* [Exercise objective] The data below holds the lines to copy: everything from the line containing "with logo slogan" to the line containing "Detail view of", both ends included, set down exactly.

* [Data shown]
↓

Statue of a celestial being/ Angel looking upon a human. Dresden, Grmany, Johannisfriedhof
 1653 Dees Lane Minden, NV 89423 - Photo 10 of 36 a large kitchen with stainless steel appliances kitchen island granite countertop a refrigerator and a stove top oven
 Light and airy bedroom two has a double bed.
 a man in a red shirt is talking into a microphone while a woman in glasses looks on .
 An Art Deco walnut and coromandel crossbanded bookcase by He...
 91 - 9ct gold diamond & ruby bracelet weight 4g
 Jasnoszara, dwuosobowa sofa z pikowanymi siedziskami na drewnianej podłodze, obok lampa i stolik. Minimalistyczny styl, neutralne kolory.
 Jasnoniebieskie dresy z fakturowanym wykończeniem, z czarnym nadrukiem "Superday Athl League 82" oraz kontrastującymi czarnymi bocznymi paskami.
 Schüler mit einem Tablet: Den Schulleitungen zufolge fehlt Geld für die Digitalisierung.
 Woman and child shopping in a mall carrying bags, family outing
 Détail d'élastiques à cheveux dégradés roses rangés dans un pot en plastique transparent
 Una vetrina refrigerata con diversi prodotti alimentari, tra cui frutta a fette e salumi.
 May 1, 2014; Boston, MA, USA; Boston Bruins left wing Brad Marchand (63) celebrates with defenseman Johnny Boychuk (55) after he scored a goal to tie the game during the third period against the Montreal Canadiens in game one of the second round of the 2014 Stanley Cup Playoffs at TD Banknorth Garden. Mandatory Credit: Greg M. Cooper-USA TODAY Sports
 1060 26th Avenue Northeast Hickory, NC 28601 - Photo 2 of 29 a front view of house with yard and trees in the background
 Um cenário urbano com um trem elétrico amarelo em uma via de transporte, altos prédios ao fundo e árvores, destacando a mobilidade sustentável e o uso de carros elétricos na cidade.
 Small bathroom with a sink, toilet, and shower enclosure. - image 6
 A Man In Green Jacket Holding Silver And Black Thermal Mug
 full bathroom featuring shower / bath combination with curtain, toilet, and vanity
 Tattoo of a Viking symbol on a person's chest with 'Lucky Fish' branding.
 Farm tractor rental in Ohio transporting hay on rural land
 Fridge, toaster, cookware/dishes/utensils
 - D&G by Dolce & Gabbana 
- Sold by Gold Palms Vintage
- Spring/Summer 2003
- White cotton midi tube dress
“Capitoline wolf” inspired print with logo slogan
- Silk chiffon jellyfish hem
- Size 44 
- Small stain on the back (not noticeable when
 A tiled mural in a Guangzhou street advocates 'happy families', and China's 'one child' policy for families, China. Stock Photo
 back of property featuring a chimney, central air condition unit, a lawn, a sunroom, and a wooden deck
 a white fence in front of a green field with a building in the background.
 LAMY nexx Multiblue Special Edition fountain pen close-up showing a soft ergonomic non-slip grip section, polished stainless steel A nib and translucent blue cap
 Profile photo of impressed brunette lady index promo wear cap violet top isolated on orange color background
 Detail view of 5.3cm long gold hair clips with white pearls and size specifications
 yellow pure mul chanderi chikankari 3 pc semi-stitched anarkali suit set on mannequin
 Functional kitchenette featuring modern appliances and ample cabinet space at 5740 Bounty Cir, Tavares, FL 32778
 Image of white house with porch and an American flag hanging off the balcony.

↑

* [Response to this exercise]
“Capitoline wolf” inspired print with logo slogan
- Silk chiffon jellyfish hem
- Size 44 
- Small stain on the back (not noticeable when
 A tiled mural in a Guangzhou street advocates 'happy families', and China's 'one child' policy for families, China. Stock Photo
 back of property featuring a chimney, central air condition unit, a lawn, a sunroom, and a wooden deck
 a white fence in front of a green field with a building in the background.
 LAMY nexx Multiblue Special Edition fountain pen close-up showing a soft ergonomic non-slip grip section, polished stainless steel A nib and translucent blue cap
 Profile photo of impressed brunette lady index promo wear cap violet top isolated on orange color background
 Detail view of 5.3cm long gold hair clips with white pearls and size specifications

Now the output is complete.